Discours de Monsieur Raymond FORNI,

Président de l'Assemblée nationale

Je suis particulièrement heureux d'ouvrir ce colloque, consacré à une question essentielle parce qu'elle porte sur la sécurité des consommateurs européens.

Heureux, non seulement parce qu'il est organisé par mon ami Alain BARRAU, Président de la délégation de l'Assemblée nationale pour l'Union européenne, mais aussi parce que cela me ramène deux années en arrière, du temps où je pouvais encore rapporter des textes devant la représentation nationale.

Je ne peux évidemment passer sous silence le fait que je me suis intéressé de près aux questions de la sécurité des consommateurs européens d'aujourd'hui et de demain puisque j'ai été le quatrième (!) rapporteur du texte destiné à transposer la directive du 25 juillet 1985 sur la responsabilité du fait des produits défectueux.

Il faut d'ailleurs rendre hommage une fois de plus à l'Europe qui a pris conscience très tôt des problèmes que pouvaient poser les produits fabriqués par l'homme à une époque de technicité croissante.

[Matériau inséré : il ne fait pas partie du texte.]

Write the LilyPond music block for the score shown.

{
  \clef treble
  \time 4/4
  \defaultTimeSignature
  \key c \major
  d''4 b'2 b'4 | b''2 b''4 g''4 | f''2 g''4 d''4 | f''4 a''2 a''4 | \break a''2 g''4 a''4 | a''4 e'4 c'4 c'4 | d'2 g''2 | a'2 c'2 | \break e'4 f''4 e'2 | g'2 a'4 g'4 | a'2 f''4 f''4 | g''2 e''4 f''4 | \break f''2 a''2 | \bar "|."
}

Je rappellerai seulement que la Directive est l'héritière de la Convention du Conseil de l'Europe du 27 janvier 1977 sur la responsabilité des produits en cas de lésions corporelles ou de décès dont l'élaboration avait même commencé en 1972.

Je ne reviendrai pas sur les multiples raisons qui ont retardé de près de dix ans la transposition de cette directive de 1985 dans notre droit interne, retard qui a même conduit à la condamnation de notre pays par la Cour de justice des communautés européennes le 13 janvier 1993. C'est dire si la Commission européenne a suivi de très près les progrès de la navette parlementaire en fonction de laquelle elle s'apprêtait ou non à condamner la France pour non-exécution de l'arrêt de la Cour.

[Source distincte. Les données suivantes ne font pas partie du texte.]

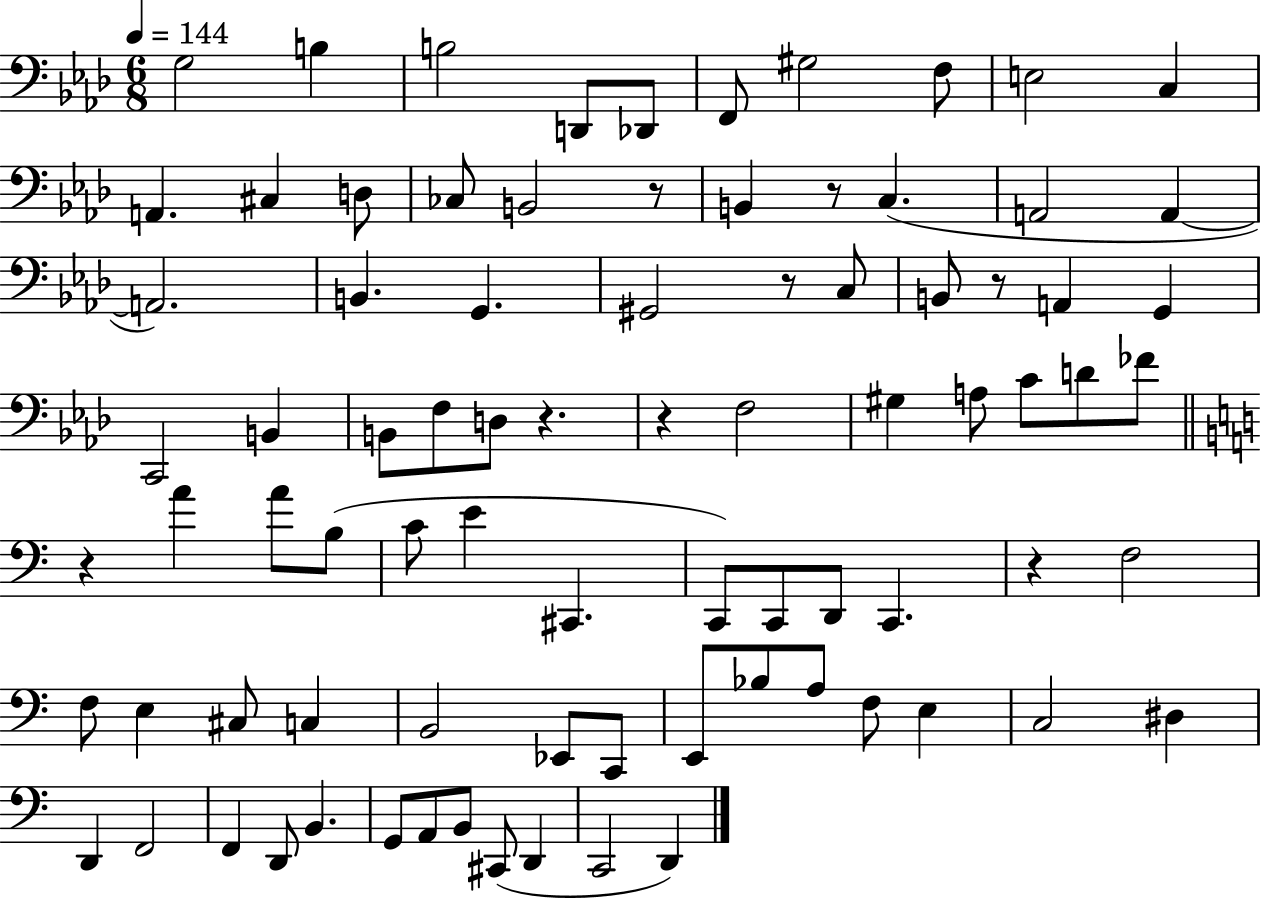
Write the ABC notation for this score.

X:1
T:Untitled
M:6/8
L:1/4
K:Ab
G,2 B, B,2 D,,/2 _D,,/2 F,,/2 ^G,2 F,/2 E,2 C, A,, ^C, D,/2 _C,/2 B,,2 z/2 B,, z/2 C, A,,2 A,, A,,2 B,, G,, ^G,,2 z/2 C,/2 B,,/2 z/2 A,, G,, C,,2 B,, B,,/2 F,/2 D,/2 z z F,2 ^G, A,/2 C/2 D/2 _F/2 z A A/2 B,/2 C/2 E ^C,, C,,/2 C,,/2 D,,/2 C,, z F,2 F,/2 E, ^C,/2 C, B,,2 _E,,/2 C,,/2 E,,/2 _B,/2 A,/2 F,/2 E, C,2 ^D, D,, F,,2 F,, D,,/2 B,, G,,/2 A,,/2 B,,/2 ^C,,/2 D,, C,,2 D,,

Je ne rappelle pas ces faits pour le plaisir masochiste de souligner le retard que notre pays met trop souvent à transposer les directives européennes, Alain BARRAU le sait mieux que moi-même, mais pour souligner que l'Union européenne a été particulièrement attentive à la sécurité des consommateurs européens.

En effet, on a pu croire un temps que le développement industriel quantitatif était l'unique horizon, voire l'unique ambition de la Communauté économique européenne. Et il est vrai qu'on a tendance à oublier aujourd'hui les considérables besoins que les Européens avaient à satisfaire au lendemain de la Seconde guerre. La politique agricole commune, la mise en oeuvre de politiques industrielles autour des noyaux durs du charbon et de l'acier ont permis de les satisfaire.

Mais il est certain que le prodigieux développement industriel de masse qui a investi tous les secteurs, et particulièrement celui de l'alimentaire, a conduit à poser les questions non plus seulement en termes quantitatifs mais aussi qualitatifs.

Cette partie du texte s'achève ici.